Both MPs agreed that there was a definite need to change the sentencing of pet theft and both agreed to support SAMPA’s submission to the Sentencing Council on a cross party platform by writing to the Council endorsing the need to reclassify pet theft and to have a custodial sentence.
Today is another positive step forward in our campaign to get better penalties to deter pet theft and also help reunite missing microchipped pets with their families.
Our campaign for this and the compulsory scanning and checking of microchips starts today.

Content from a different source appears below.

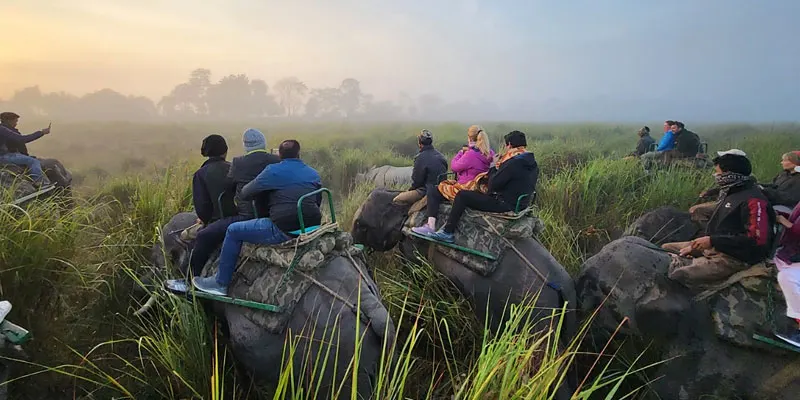 kaziranga tour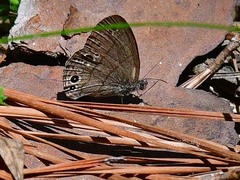 Hermeuptychia sosybius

Main picture left to right: Arnot Wilson, Dog Union; Marc the Vet, Pup Aid; Angela Smith MP, shadow Defra Minister, Neil Parish I MP, Chairman Associate Parliamentary Group for Animal Welfare; Debbie Matthews and Gizmo (reunited stolen dog), Vets Get Scanning; Nik Oakley, Doglost; Richard Jordan, Pet Theft Awareness.
Dog Theft has increased by 24% over the last three years and no-one is safe from this crime which hits families, the elderly, the disabled and the homeless.
The loss of a companion and family member is devastating
Yet it is rarely investigated despite increasingly being part of organised crime
Police figures are the tip of the iceberg and they will never include ‘Theft by Finding’
In reality more that 60 dogs are snatched every week in England and Wales.
Dogs are stolen from, gardens, houses, parks, kennels, outside shops and cars. Nowhere is safe.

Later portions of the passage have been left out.